**Exercise prompt:**
Below are records to transcribe exactly, without their pictures.
-- Data shown follows --
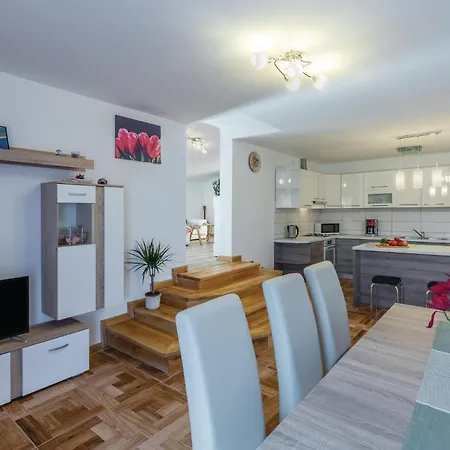 Prázdninový dům Three-bedroom In Buje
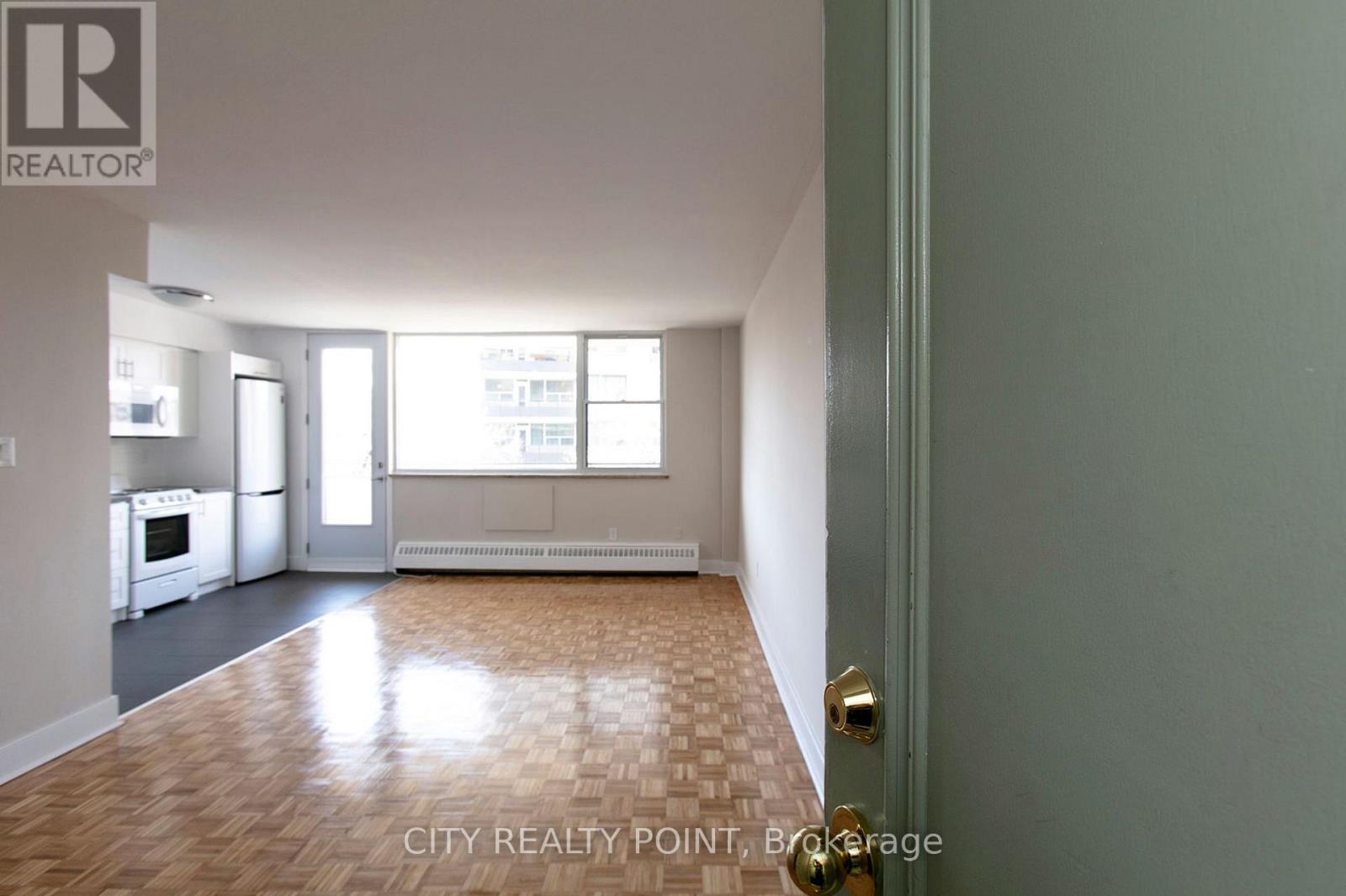 607 - 276 St George Street, Toronto, Ontario  M5R 2P6 - Photo 11 - C12512900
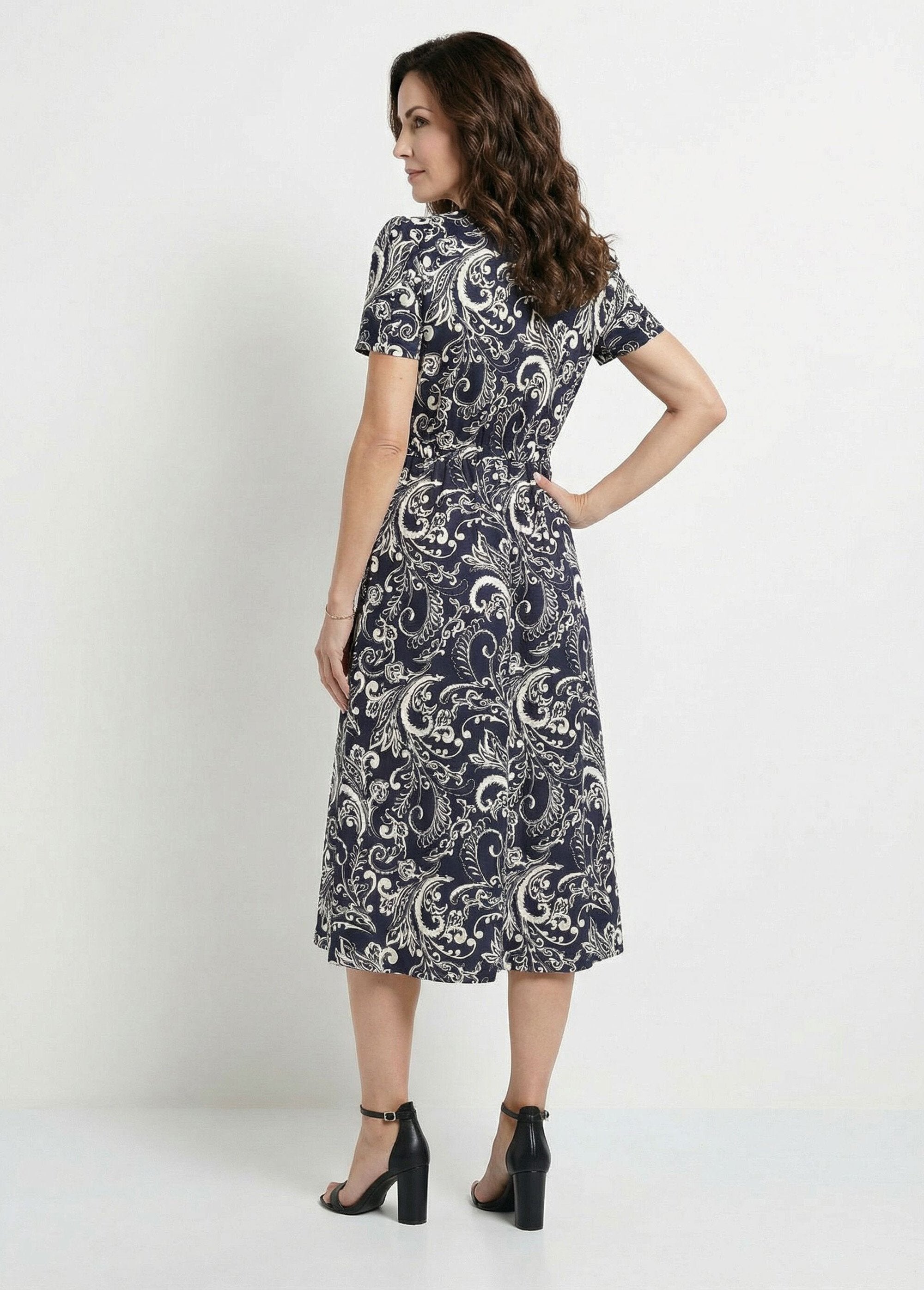 Robe_longue_cache-coeur_taille_élastiquée_Noir_et_ecru_DO1_slim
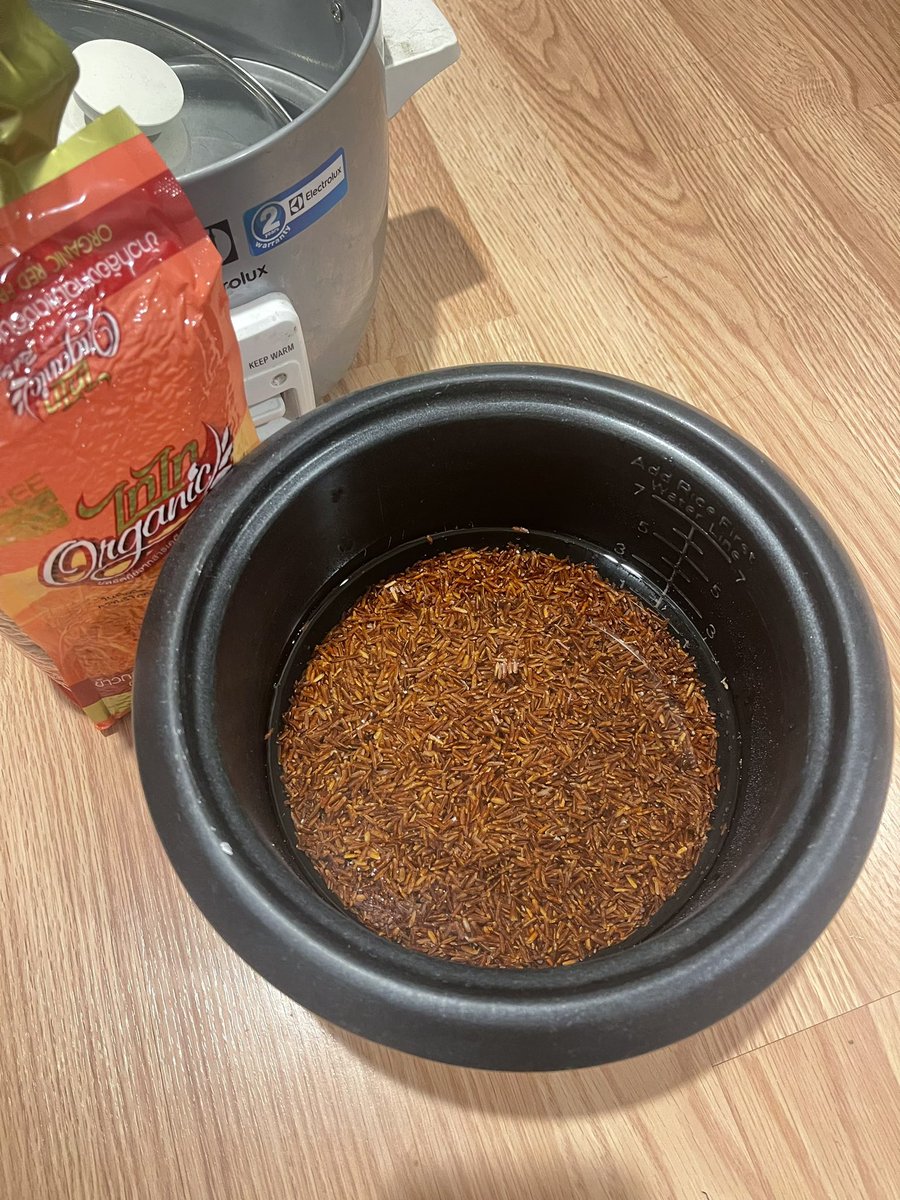 cusiloveyouso's tweet image. 🌾บอกต่อข้าวเกษตรอินทรีตราไทไท 
คือเขาปลูกด้วยวิธีการทางเกษตรอินทรีย์ ไม่มีสารเคมี ไฟเบอร์สูง ไม่อ้วน สารเส้นใยสูงมากกว่าข้าวขาว 3-7 เท่าเลย
ใครกำลังคุมอาหารแนะนำสุดๆๆ🫶🏻
#Glycemicindex #ค่าดัชนีน้ำตาล #ข้าวกล้องหอมมะลิอินทรีย์ #ข้าวหอมมะลิแดงอินทรีย์ #SaleHereUNBOXแกะกล่องรีวิว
-- Data shown concluded --
**Your response:**
 Prázdninový dům Three-bedroom In Buje
 607 - 276 St George Street, Toronto, Ontario  M5R 2P6 - Photo 11 - C12512900
 Robe_longue_cache-coeur_taille_élastiquée_Noir_et_ecru_DO1_slim
 cusiloveyouso's tweet image. 🌾บอกต่อข้าวเกษตรอินทรีตราไทไท 
คือเขาปลูกด้วยวิธีการทางเกษตรอินทรีย์ ไม่มีสารเคมี ไฟเบอร์สูง ไม่อ้วน สารเส้นใยสูงมากกว่าข้าวขาว 3-7 เท่าเลย
ใครกำลังคุมอาหารแนะนำสุดๆๆ🫶🏻
#Glycemicindex #ค่าดัชนีน้ำตาล #ข้าวกล้องหอมมะลิอินทรีย์ #ข้าวหอมมะลิแดงอินทรีย์ #SaleHereUNBOXแกะกล่องรีวิว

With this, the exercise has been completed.